Signale der EU-Kommission Drohende Fahrverbote für Bonn wackeln

Brüssel/Berlin/Bonn · Auf Bitten aus Berlin signalisiert die EU-Kommission, dass Deutschland Fahrverbote bei nur geringfügiger Überschreitung der Grenzwerte als "unverhältnismäßig" umgehen darf. Damit steigt die Chance, die gerichtlich verhängten Fahrverbote für Bonn politisch zu verhindern.

Im Kampf gegen Diesel-Fahrverbote bekommt die Bundesregierung nun Unterstützung aus Brüssel. Auf eine entsprechende Bitte aus Berlin signalisierte die EU-Kommission am Mittwoch, dass Deutschland Fahrverbote bei nur geringfügiger Überschreitung der Grenzwerte als „unverhältnismäßig“ umgehen darf. Das könnte für Bonn bedeuten, dass drohende Fahrverbote nicht zum Tragen kommen.

Hintergrund sind die Klagen der Deutschen Umwelthilfe (DUH), die unter Bezug auf die Luftreinhalte-Richtlinie der Union in mehreren Städten Dieselfahrverbote erstritten hatte. Das Regelwerk der EU setzt einen Höchstwert von 40 Mikrogramm Stickoxid pro Kubikmeter Luft. Allerdings hatte die Bundesregierung stets argumentiert, dass eine Einhaltung dieser Vorgaben auch mit anderen Mitteln als drastischen Fahrverboten zu erreichen sind, wenn es nur um eine Überschreitung von bis zu 50 Mikrogramm gehe. Dann seien Maßnahmen, mit denen Dieselfahrzeuge ausgesperrt würden, überzogen.

In einer Stellungnahme betonte die Kommission am Mittwoch, dass die Richtwerte nicht verändert oder gar gelockert werden sollen. Allerdings sei es Sache der Mitgliedstaaten, wie die Belastung der Atemluft gesenkt werden kann. Fahrverbote habe Brüssel weder vorgeschrieben noch verlangt. Damit hat die Bundesregierung jetzt freie Hand, um auch mit anderen Mitteln für bessere Luft in den Städten zu sorgen.

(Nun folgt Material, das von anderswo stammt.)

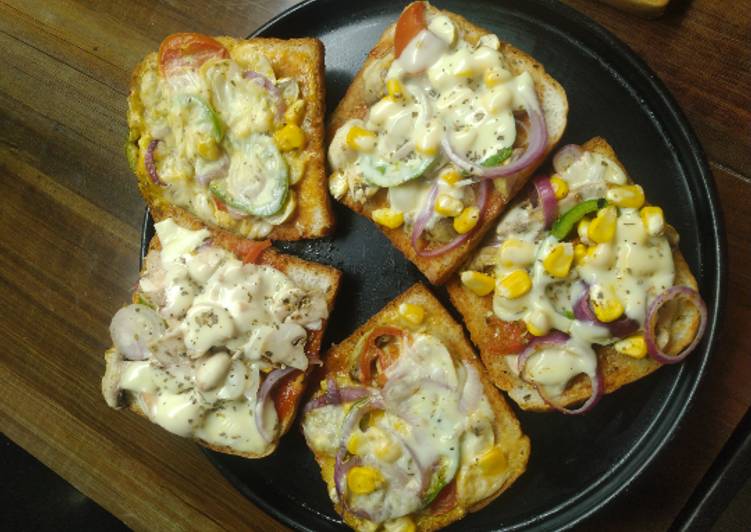 Bread Pizza on Tawa/ Instant Pizza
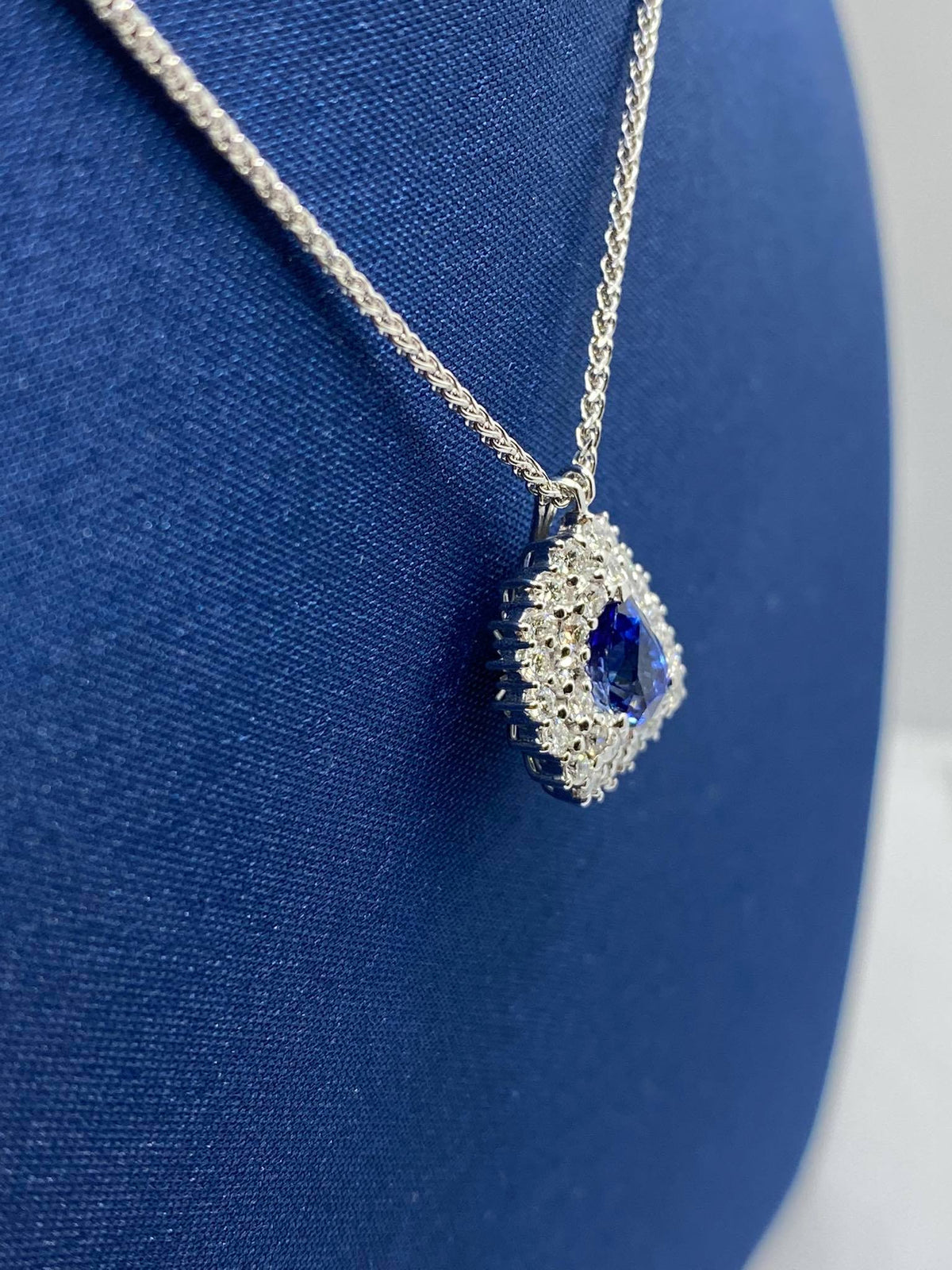 Collana Recarlo con Diamanti e Zaffiro Ct 1.05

Werden Fahrverbote politisch verhindert?

Der Umweltpolitiker der CDU-Europafraktion, der Mediziner Peter Liese, erklärte gegenüber unserer Zeitung: „Es gibt viele sinnvolle Maßnahmen, wie zum Beispiel die Nachrüstung von Bussen, Kommunalfahrzeugen und aus meiner Sicht auch Pkws. Dieselfahrverbote bei nur geringfügiger Überschreitung des Grenzwertes sind allerdings völlig unverhältnismäßig. Ich bin deshalb sehr froh, dass es jetzt von der Europäischen Kommission grünes Licht für ein entsprechendes deutsches Gesetz gibt.“

Mit großer Spannung wird nun in Brüssel eine Studie des EU-Parlamentes erwartet, die für Mitte März angekündigt ist. In ihr sollen die Standorte der Messstationen in fünf Mitgliedstaaten – darunter Deutschland – miteinander verglichen werden. Hintergrund: Vor allem in der Bundesrepublik gibt es den Verdacht, dass die deutschen Mess-Einrichtungen falsch aufgestellt wurden. Ziel der Luftreinhalte-Richtlinie sei es nämlich, nicht die punktuelle Belastung beispielsweise beim Überqueren einer Straße zu messen, sondern die Langzeitbelastung.

Im Falle der Gesetzesänderung stiege die Chance, die gerichtlich verhängten Fahrverbote für Bonn politisch zu verhindern. Hier lag der Höchstwert – an der Reuterstraße – zuletzt bei 47 Mikrogramm. Die Stadtverwaltung reagierte zunächst verhalten: Es handele sich lediglich um einen Gesetzesentwurf, die politischen Vorgänge in Brüssel und Berlin wolle man nicht kommentieren, sagte eine Sprecherin. Bekanntlich hatte das Verwaltungsgericht Köln auf Klage der Deutschen Umwelthilfe Reuterstraße und Belderberg für bestimmte Fahrzeugtypen gesperrt. Weil das Land Nordrhein-Westfalen Berufung einlegte, ist die Entscheidung nicht rechtskräftig.

Das Oberverwaltungsgericht Münster kündigte am Mittwoch einen Erörterungstermin für Mai an und stellte eine Entscheidung für August in Aussicht. Auch die mögliche Gesetzesnovelle im Bund werde dann thematisiert. „Es kann immer sein, dass sich im Laufe eines Verfahrens die Grundlage ändert“, sagte eine OVG-Sprecherin dem General-Anzeiger. Alles weitere müsse man nun abwarten.